Ring the Bells that you can ring

Captain Elmo Jayawardena

The nights are getting colder. The occasional sky rocket shoots into the star filled heavens with a promise of more to come. The yearend festivities are about to begin with Christmas glitter leading the parade. I love Christmas, and to be very frank sometimes it is more in prospect as the anticipation is always better than the reality. That is personal, but by and large it is a good-time to have fun filled days, especially if your pockets jingle loud and clear with enough coins to spend.

As I write this in early December I hear Elvis on White Christmas and Willie Nelson singing Pretty Papers, the little ones at home (not mine, but mine’s offspring) have started Jingle Bells and jumping around like Rudolph pulling an imaginary sleigh. More to come as the days get closer to the manger matter, that’s when they will paint their noses red and hope Mr Santa received their wish list letters in the North Pole. He certainly would, the parents can afford. 

A Buddhist friend from Oman wrote to me and said “I will send some money to you can you give it to someone to celebrate Christmas?”

Yes the amount was adequate for five families. She’s leapt over religious barriers and brought kindness to the fore and thought she’ll ring the bells she can. There are many who celebrate Christmas on the same lines, doing something for people in need, especially for children whose homes Santa Clause always skips. But then there are others too who sing the loudest carols and stuff themselves silly with cakes and sweets and does not even know they could ring some little bells that would make a huge difference to someone in need. Isn’t there somebody who would always be grateful to receive a morsel of generosity from the ‘can’ and the Christian?

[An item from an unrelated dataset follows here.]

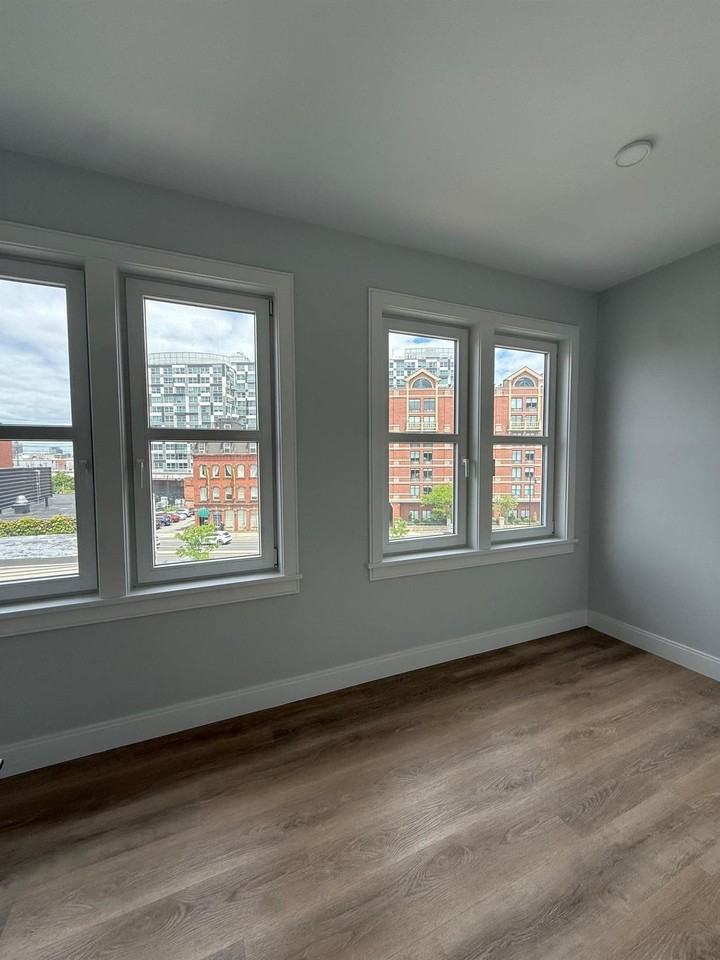 35 Gore St #2 - Photo 7 of 17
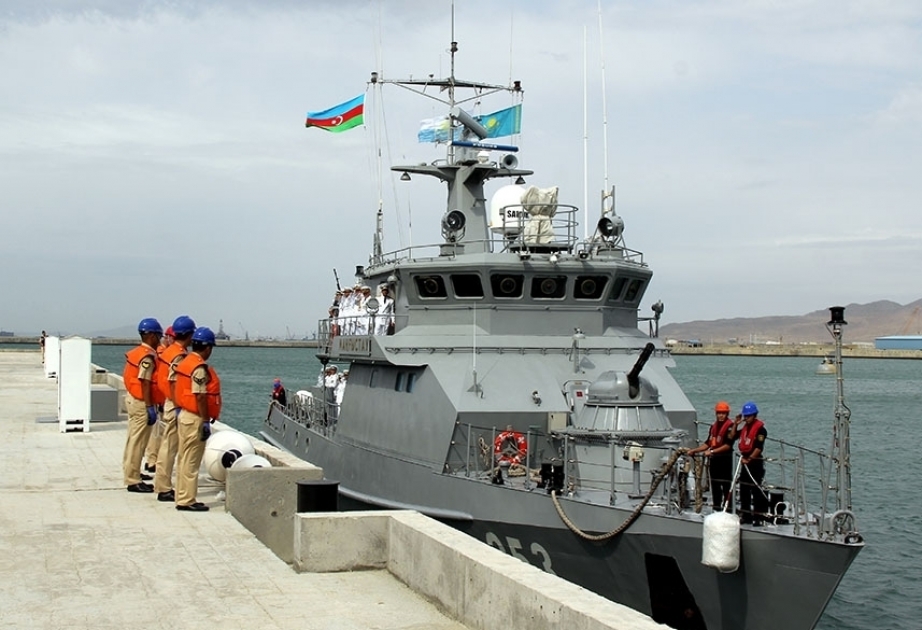 Kazakhstan’s warship arrives in Baku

What really is Christmas? We all know the nativity and the religious connotations. It sure is a celebration and a very holy remembrance of what took place one silent night in the little town of Bethlehem. The Shepherds and the wise men and the frankincense and myrrh and the comet in the Palestinian sky told the entire world that a different king was born. Such is the beginning. The prince of peace brought a message of love, for mankind to wake from the darkness and seek solace for the human race.

How far have we come from that two thousand plus year old revelation? How far have we diverted from where we were supposed to walk. Where is the peace, where is the love and where is the quality of care that we human beings are supposed to have towards one another?

Yes, the times are such that nations erupt in the greed of war, races rant and vociferate being superior, religions kill meaninglessly in the name of their gods and you and me the ordinary get entangled and mangled in the mayhem so that we ourselves at times do not even know who we really are. Leadership of the world is more corrupt than it ever was, backed by sordid buying of people and power where some who rule today in pomp and majesty are pure ‘put-on’ and would amount to nothing and naked in another generation. But the God images are created and maintained by the minions who holler hurrah in hypocritical cheer simply to gather the crumbs that fall from the table into their plates. That is the world order today, what Osama does in Tora Bora or Obama plans from the White house and who sits in Downing Street does not matter. They each have their hymn sheets and we the lesser beings are supposed to hum in harmony. Acceptance of the inevitably fractured humanness has become a way of life. It is universal and I will be the first to say I am guilty for my cowardly silence.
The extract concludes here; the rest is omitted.